The campaign to demolish Trump’s idiosyncratic and confused peace negotiation had a natural, if unexpected, culmination in the Hanoi Summit. It was widely and reasonably supposed that this would follow the Singaporean format of happy photos and a joint statement of vague promise. It would be the calm before the storm and the real battle would be in Washington.55 That a further attempt to derail negotiations would be made was no surprise, but the fact that it happened in Hanoi and not later in Washington was. It is generally supposed that the botching was deliberately engineered by Bolton with possible assistance from Pompeo. According to Japanese analyst Kuni Miyake:
When Trump was scheduled to meet North Korean leader Kim Jong-un in Vietnam, Bolton seems to have been successful in convincing—probably with Secretary of State Mike Pompeo—him that he should walk out of the negotiation room unless Kim agreed to the so-called big deal based on the Libyan nuclear agreement of 2004.56
Trump’s incomprehension about the issues, in particular what would be acceptable to the Koreans, and his susceptibility to being manipulated is clear enough, but it remains a mystery why he allowed himself to be publicly shafted. Perhaps he saw it as part of his unpredictability shtick and confirmation, in his eyes at least, that he was a smart negotiator who could walk away from a deal today to get a better one tomorrow.

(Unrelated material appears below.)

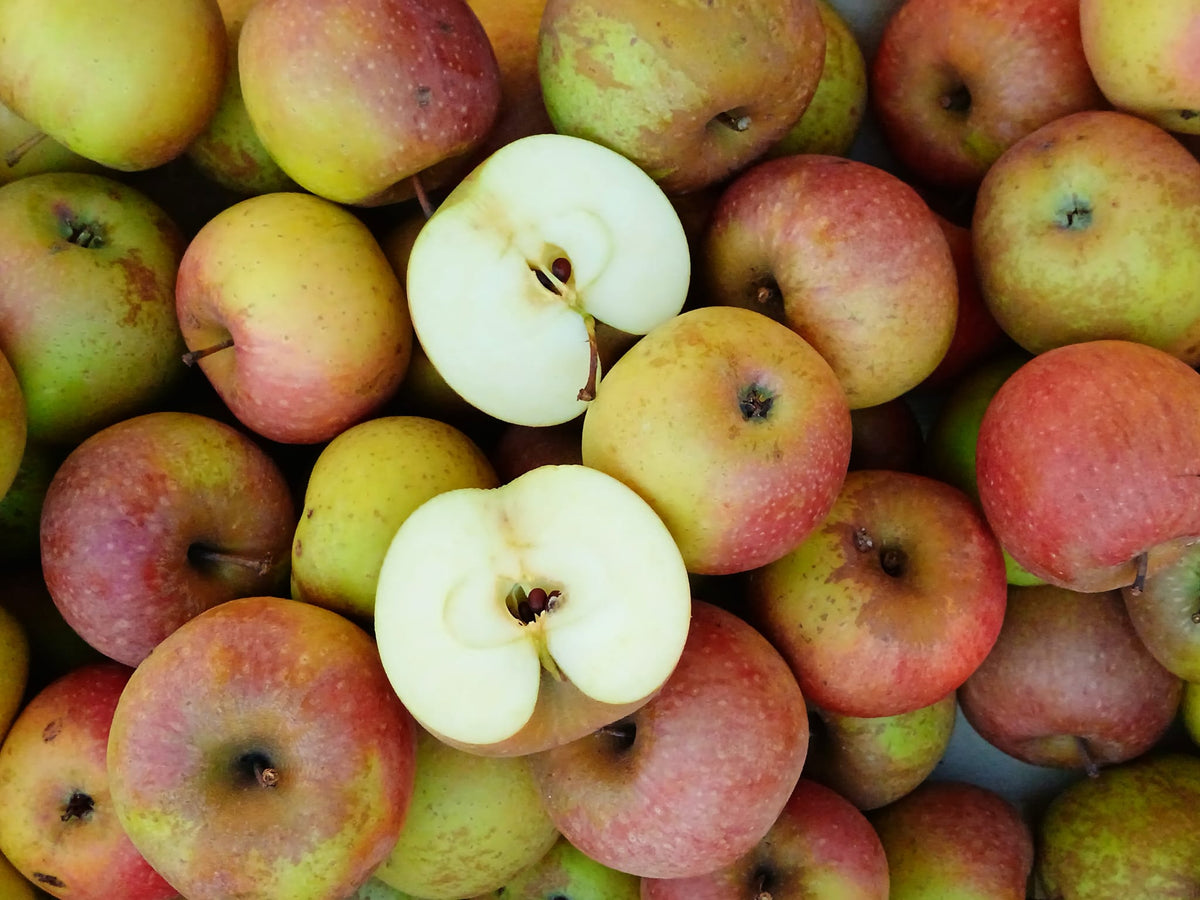 mela biologica di antica varietà piemontese dolce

The bungled summit at Hanoi led to a stalemate. It seemed that the establishment had won, that the octopus would be untrammeled by the dangers of reducing tension in Korea and invigorated by the rapidly deteriorating relationship with China, Iran, Venezuela, and Russia.

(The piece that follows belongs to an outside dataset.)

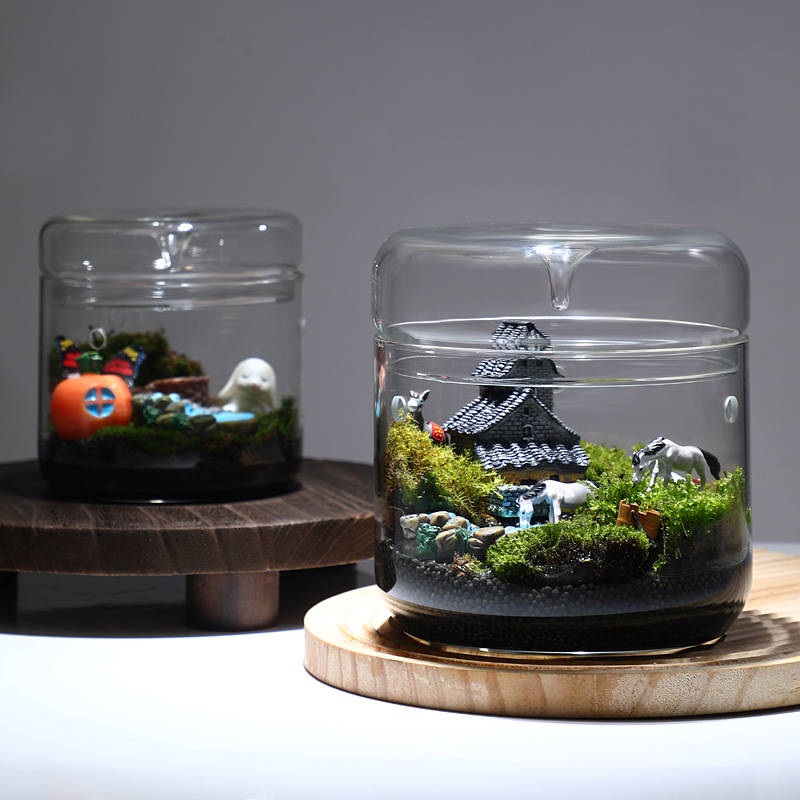 Fabricantes coleccionan vidrio de escritorio hecho a mano micro paisaje taza de exposición botella ornamental botella de luz transparente acuario ecológico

Shards of Hope in the Detritus of Hanoi
Gearing up for the 2020 presidential election, Trump needed something to tout as a foreign policy success. The confrontation with China was, predictably, producing all sorts of unwelcome consequences. The attempted coup in Venezuela had stalled. Fulminating against Iran was all very well, but Trump had a healthy fear of being dragged into another land war in the Middle East, and with a much more formidable adversary than Iraq or Afghanistan. When he was nearly maneuvered into an attack on Iran, he blinked. He became increasingly wary of Bolton and his penchant for war.57
Kim took various steps to rescue the situation, attempting to draw the United States into meaningful negotiations but also continuing to prepare for the likelihood that the line would be broken and that the octopus, rather than being drawn into peaceful coexistence, would break free and resume the attack. On April 13 of this year, he gave a major policy speech before the Supreme People’s Assembly, in which he said, inter alia:
At the second DPRK-U.S. summit, we expressed our decision to take more prudent and trustworthy measures after setting stages and courses indispensable for the implementation of the June 12 DPRK-U.S. Joint Statement and expected a response from the U.S. to it. But the U.S. came to the talks, only racking its brains to find ways that are absolutely impracticable.… But as President Trump keeps saying, the personal ties between me and him are not hostile like the relations between the two countries and we still maintain good relations, as to be able to exchange letters asking about health anytime if we want. If the U.S. adopts a correct posture and comes forward for the third DPRK-U.S. summit with a certain methodology that can be shared with us, we can think of holding one more talk. However, what I feel now is if there will be any need to keep an attachment to the summit with the U.S. just because of the issue of sanctions relief. Anyway, we will wait for a bold decision from the U.S. with patience till the end of this year but I think it will definitely be difficult to get such a good opportunity as the previous summit.…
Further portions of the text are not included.